Top of RECORDS PROVIDED

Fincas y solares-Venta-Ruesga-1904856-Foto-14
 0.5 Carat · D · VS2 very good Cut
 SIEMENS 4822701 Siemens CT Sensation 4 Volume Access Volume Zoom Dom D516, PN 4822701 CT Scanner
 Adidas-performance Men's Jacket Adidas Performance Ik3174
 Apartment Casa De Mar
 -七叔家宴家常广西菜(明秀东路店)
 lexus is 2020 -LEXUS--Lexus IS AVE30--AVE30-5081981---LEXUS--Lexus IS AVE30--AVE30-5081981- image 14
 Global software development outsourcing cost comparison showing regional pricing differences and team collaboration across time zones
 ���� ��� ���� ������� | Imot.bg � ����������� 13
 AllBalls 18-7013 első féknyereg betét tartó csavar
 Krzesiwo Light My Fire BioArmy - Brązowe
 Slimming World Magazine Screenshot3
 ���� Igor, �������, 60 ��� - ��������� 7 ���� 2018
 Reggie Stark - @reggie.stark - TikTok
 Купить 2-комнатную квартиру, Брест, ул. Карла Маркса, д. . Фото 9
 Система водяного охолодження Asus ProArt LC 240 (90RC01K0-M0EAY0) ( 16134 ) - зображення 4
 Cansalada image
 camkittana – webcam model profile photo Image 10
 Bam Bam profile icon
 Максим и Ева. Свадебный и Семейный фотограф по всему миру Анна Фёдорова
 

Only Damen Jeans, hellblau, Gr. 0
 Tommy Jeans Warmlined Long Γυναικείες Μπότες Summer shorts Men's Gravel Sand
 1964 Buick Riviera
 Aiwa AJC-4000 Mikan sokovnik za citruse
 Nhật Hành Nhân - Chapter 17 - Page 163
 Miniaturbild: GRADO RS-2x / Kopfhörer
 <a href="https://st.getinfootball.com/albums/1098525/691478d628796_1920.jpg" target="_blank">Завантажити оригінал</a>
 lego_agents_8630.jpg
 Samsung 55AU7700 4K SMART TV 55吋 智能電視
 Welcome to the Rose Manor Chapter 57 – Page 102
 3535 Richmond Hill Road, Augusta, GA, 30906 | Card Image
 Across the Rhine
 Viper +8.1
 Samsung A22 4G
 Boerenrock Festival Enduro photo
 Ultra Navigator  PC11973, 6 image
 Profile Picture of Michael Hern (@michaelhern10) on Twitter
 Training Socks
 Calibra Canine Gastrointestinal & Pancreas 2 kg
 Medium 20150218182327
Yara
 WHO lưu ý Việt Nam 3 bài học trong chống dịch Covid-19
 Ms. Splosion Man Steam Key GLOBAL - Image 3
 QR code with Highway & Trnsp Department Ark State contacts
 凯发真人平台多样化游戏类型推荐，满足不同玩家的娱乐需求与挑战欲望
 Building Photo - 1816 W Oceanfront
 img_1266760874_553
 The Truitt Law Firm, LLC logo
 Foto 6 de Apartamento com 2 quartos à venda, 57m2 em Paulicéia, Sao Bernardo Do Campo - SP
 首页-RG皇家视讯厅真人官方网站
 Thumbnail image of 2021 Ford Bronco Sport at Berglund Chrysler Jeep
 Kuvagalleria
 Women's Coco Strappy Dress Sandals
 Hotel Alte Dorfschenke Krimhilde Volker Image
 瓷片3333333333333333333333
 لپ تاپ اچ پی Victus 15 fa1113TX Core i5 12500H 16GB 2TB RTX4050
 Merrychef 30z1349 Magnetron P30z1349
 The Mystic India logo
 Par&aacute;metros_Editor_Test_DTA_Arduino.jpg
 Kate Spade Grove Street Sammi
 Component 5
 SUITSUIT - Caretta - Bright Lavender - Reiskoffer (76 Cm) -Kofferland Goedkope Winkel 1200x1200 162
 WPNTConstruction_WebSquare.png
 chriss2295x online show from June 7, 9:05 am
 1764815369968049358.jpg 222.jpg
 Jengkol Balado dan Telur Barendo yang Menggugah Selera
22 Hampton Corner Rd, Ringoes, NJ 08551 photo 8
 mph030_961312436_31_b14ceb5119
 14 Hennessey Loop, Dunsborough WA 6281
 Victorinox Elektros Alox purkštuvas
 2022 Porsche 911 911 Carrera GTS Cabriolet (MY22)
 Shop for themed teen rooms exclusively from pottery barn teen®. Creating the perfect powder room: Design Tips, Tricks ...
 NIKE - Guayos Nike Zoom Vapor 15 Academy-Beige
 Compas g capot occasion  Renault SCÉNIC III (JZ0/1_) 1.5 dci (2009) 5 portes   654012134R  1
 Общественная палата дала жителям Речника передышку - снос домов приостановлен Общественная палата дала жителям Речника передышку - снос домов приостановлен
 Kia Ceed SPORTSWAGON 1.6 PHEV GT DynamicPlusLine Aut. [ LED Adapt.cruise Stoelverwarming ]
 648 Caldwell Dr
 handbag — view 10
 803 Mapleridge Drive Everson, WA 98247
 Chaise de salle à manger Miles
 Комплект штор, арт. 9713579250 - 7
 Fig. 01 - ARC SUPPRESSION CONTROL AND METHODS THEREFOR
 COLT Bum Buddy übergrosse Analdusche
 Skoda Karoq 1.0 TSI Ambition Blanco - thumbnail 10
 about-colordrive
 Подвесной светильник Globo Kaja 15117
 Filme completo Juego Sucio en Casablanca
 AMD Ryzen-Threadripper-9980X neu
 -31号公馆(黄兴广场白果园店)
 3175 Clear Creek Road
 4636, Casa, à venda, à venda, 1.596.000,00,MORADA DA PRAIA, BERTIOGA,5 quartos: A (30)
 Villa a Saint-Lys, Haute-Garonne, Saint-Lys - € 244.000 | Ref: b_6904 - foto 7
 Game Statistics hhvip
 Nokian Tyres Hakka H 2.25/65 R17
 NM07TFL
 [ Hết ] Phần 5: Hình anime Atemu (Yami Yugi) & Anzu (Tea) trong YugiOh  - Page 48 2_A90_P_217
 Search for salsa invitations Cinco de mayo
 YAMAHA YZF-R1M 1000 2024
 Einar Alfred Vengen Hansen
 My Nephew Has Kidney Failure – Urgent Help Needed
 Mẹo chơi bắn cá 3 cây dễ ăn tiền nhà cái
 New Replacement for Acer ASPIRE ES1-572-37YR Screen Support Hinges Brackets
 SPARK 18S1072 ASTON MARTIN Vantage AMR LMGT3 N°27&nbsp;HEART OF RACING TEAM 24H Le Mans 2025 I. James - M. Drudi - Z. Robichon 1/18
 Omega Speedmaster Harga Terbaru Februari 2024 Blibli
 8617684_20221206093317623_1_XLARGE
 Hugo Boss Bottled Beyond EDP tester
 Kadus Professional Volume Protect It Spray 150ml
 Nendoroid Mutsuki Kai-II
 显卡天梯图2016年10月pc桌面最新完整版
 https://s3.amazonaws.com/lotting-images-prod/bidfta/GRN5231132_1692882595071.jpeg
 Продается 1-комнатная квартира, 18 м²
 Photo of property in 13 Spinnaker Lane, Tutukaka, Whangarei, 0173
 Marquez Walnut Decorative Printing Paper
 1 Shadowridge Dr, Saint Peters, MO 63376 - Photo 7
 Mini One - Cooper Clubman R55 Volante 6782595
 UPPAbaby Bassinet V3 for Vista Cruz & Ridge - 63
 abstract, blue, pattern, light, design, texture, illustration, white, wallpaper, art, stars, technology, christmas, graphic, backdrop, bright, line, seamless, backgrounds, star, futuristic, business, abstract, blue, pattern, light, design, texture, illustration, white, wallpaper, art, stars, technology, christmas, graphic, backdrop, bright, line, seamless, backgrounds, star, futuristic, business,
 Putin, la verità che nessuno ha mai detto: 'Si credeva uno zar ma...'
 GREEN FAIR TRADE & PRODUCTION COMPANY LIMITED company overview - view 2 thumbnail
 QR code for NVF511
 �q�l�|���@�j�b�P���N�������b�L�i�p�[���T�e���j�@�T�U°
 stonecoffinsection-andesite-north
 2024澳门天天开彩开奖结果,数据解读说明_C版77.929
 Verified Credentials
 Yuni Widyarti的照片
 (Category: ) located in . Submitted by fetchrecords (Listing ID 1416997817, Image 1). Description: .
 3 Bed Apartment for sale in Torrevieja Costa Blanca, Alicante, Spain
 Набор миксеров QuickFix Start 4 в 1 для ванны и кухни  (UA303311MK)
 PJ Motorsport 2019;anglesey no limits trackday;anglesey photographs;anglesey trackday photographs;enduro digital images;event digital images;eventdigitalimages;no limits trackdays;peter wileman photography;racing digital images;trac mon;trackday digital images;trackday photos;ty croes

Bottom of RECORDS PROVIDED

WHAT YOU ARE ASKED TO DO: Output must consist only of the listing's lines from the first through the line with "-七叔家宴家常广西菜(明秀东路店)", reproduced word for word.

EXPECTED ANSWER:
Fincas y solares-Venta-Ruesga-1904856-Foto-14
 0.5 Carat · D · VS2 very good Cut
 SIEMENS 4822701 Siemens CT Sensation 4 Volume Access Volume Zoom Dom D516, PN 4822701 CT Scanner
 Adidas-performance Men's Jacket Adidas Performance Ik3174
 Apartment Casa De Mar
 -七叔家宴家常广西菜(明秀东路店)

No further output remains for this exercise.